I just figured that indeed dwc3 is the only case where we can not know
if the gadgets parent is the udc. But I think even this is currently
wrong in the dwc3 core. We can simply fix that, by calling
usb_initialize_gadget with dwc->sysdev instead of dwc->dev. This will
ensure that we will get the udc as parent.
I will prepend that patch in the series and send out v3.
Thanks,
Michael
>>>
>>> if (cdev->gadget->speed < USB_SPEED_SUPER)
>>> video->uvc_num_requests = 4;
>>>@@ -66,6 +68,9 @@ static int uvc_buffer_prepare(struct vb2_buffer *vb)
>>> struct uvc_video_queue *queue = vb2_get_drv_priv(vb->vb2_queue);
>>> struct vb2_v4l2_buffer *vbuf = to_vb2_v4l2_buffer(vb);
>>> struct uvc_buffer *buf = container_of(vbuf, struct uvc_buffer, buf);
>>>+ struct uvc_video *video = container_of(queue, struct uvc_video, queue);
>>>+ struct uvc_device *uvc = video->uvc;
>>>+ struct usb_composite_dev *cdev = uvc->func.config->cdev;
>>>
>>> if (vb->type == V4L2_BUF_TYPE_VIDEO_OUTPUT &&
>>> vb2_get_plane_payload(vb, 0) > vb2_plane_size(vb, 0)) {
>>>@@ -77,7 +82,12 @@ static int uvc_buffer_prepare(struct vb2_buffer *vb)
>>> return -ENODEV;
>>>
>>> buf->state = UVC_BUF_STATE_QUEUED;
>>>- buf->mem = vb2_plane_vaddr(vb, 0);
>>>+ if (cdev->gadget->sg_supported) {
>>
>>How about storing a use_sg flag in uvc_video_queue, to avoid poking
>>through layers ? The flag can also be used in uvcg_queue_init().
>
>Yes. This makes sense.

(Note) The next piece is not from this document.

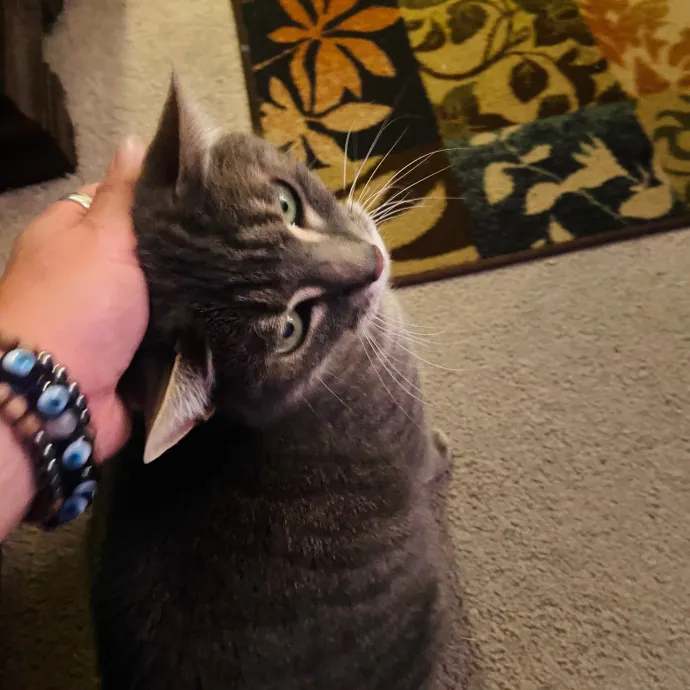 Friend Of Felines Tacoma Cat Sitting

I added a bool use_sg to uvc_video_queue and
>use it instead in v3.
>
>>>+ buf->sgt = vb2_dma_sg_plane_desc(vb, 0);
>>>+ buf->sg = buf->sgt->sgl;
>>>+ } else {
>>>+ buf->mem = vb2_plane_vaddr(vb, 0);
>>>+ }
>>> buf->length = vb2_plane_size(vb, 0);
>>> if (vb->type == V4L2_BUF_TYPE_VIDEO_CAPTURE)
>>> buf->bytesused = 0;
>>>@@ -117,9 +127,11 @@ static const struct vb2_ops uvc_queue_qops = {
>>> .wait_finish = vb2_ops_wait_finish,
>>> };
>>>
>>>-int uvcg_queue_init(struct uvc_video_queue *queue, enum v4l2_buf_type type,
>>>+int uvcg_queue_init(struct device *dev, struct uvc_video_queue *queue, enum v4l2_buf_type type,
>>
>>Please move the dev parameter after queue, to pass as the first
>>parameter the object that the function operates on.
>
>ok. will change in v3.
>
>>> struct mutex *lock)
>>> {
>>>+ struct uvc_video *video = container_of(queue, struct uvc_video, queue);
>>>+ struct usb_composite_dev *cdev = video->uvc->func.config->cdev;
>>> int ret;
>>>
>>> queue->queue.type = type;
>>>@@ -128,9 +140,14 @@ int uvcg_queue_init(struct uvc_video_queue *queue, enum v4l2_buf_type type,
>>> queue->queue.buf_struct_size = sizeof(struct uvc_buffer);
>>> queue->queue.ops = &uvc_queue_qops;
>>> queue->queue.lock = lock;
>>>- queue->queue.mem_ops = &vb2_vmalloc_memops;
>>>+ if (cdev->gadget->sg_supported)
>>>+ queue->queue.mem_ops = &vb2_dma_sg_memops;
>>>+ else
>>>+ queue->queue.mem_ops = &vb2_vmalloc_memops;
>>>+
>>> queue->queue.timestamp_flags = V4L2_BUF_FLAG_TIMESTAMP_MONOTONIC
>>> | V4L2_BUF_FLAG_TSTAMP_SRC_EOF;
>>>+ queue->queue.dev = dev;
>>> ret = vb2_queue_init(&queue->queue);
>>> if (ret)
>>> return ret;
>>>diff --git a/drivers/usb/gadget/function/uvc_queue.h b/drivers/usb/gadget/function/uvc_queue.h
>>>index 2f0fff7698430..bb8753b26074f 100644
>>>--- a/drivers/usb/gadget/function/uvc_queue.h
>>>+++ b/drivers/usb/gadget/function/uvc_queue.h
>>>@@ -34,6 +34,9 @@ struct uvc_buffer {
>>>
>>> enum uvc_buffer_state state;
>>> void *mem;
>>>+ struct sg_table *sgt;
>>>+ struct scatterlist *sg;
>>>+ unsigned int offset;
>>> unsigned int length;
>>> unsigned int bytesused;
>>> };
>>>@@ -59,7 +62,7 @@ static inline int uvc_queue_streaming(struct uvc_video_queue *queue)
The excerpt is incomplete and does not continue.